Environ un million de personnes ont afflué dans la grande capitale du Borno. Les camps mis en place par les autorités ne suffisant plus, de nombreux habitants de Maiduguri ont ouvert leurs portes aux déplacés de la guerre.
Mais trois ans plus tard, les réfugiés ne peuvent toujours pas rentrer chez eux et sont désormais accusés d'être responsables de tous les maux de la ville.
Comme 70% à 90% des déplacés de Maiduguri dont la survie repose en grande partie sur la solidarité des autochtones, Ali Bukar et sa famille n'ont jamais rejoint un camp officiel.
Pendant un an, l'hôte d'Ali Bukar, un commerçant, les a accueillis chez lui et les a nourris, raconte le vieil homme au visage traversé de cicatrices. Mais bientôt, il a fallu partir: la charge financière était devenue trop lourde.
Ils sont aujourd'hui hébergés dans une "hosting community", une "communauté hôte", comme la ville en compte des centaines. Ici, le gouvernement n'intervient pas. Le maître des lieux - privés - est Baba Kura Al-Kahi, un notable qui a fait fortune dans l'immobilier.
"Je ne pouvais pas rester assis à regarder les gens mourir de faim, il fallait bien les aider", raconte M. Al-Kahi, assis en tailleur sur une natte avec les anciens.

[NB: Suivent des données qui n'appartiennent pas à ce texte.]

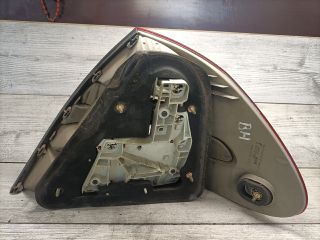 bontott MERCEDES-BENZ E-CLASS Bal Hátsó Lámpa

En 2013, il a chassé l'entreprise de construction et de mécanique qui lui louait un terrain pour quelque trois millions de naira par an (près de 15.000 euros à l'époque) afin d'accueillir des déplacés.
Environ 3.000 personnes s'entassent dans des conditions précaires sur le moindre mètre carré libre, avec l'aide de quelques ONG - Save the Children donne l'équivalent en nourriture de 17.000 nairas (51 euros) par mois à chaque famille - et du Haut-commissariat aux réfugiés de l'ONU (HCR), qui a fourni des tentes.
- Mendicité et prostitution -
Beaucoup squattent des sites en construction, des écoles, des logements de fonctionnaires, tandis que des milliers d'autres se débrouillent chez des parents ou des membres de leur communauté ethnique, souvent kanuri ou hausa.
Les voisins s'organisent, cultivent leurs champs pour nourrir les plus démunis, leur apportent des vêtements, des draps et des ustensiles de cuisine.
Mais "les ressources manquent cruellement", en particulier en terme d'eau et d'assainissement, d'infrastructures hospitalières et de sécurité alimentaire, confie à l'AFP le gouverneur du Borno, Kashim Shettima.
Assiégée à plusieurs reprises par le passé, Maiduguri semble pourtant retrouver une vie presque normale, comparée à l'arrière-pays dévasté.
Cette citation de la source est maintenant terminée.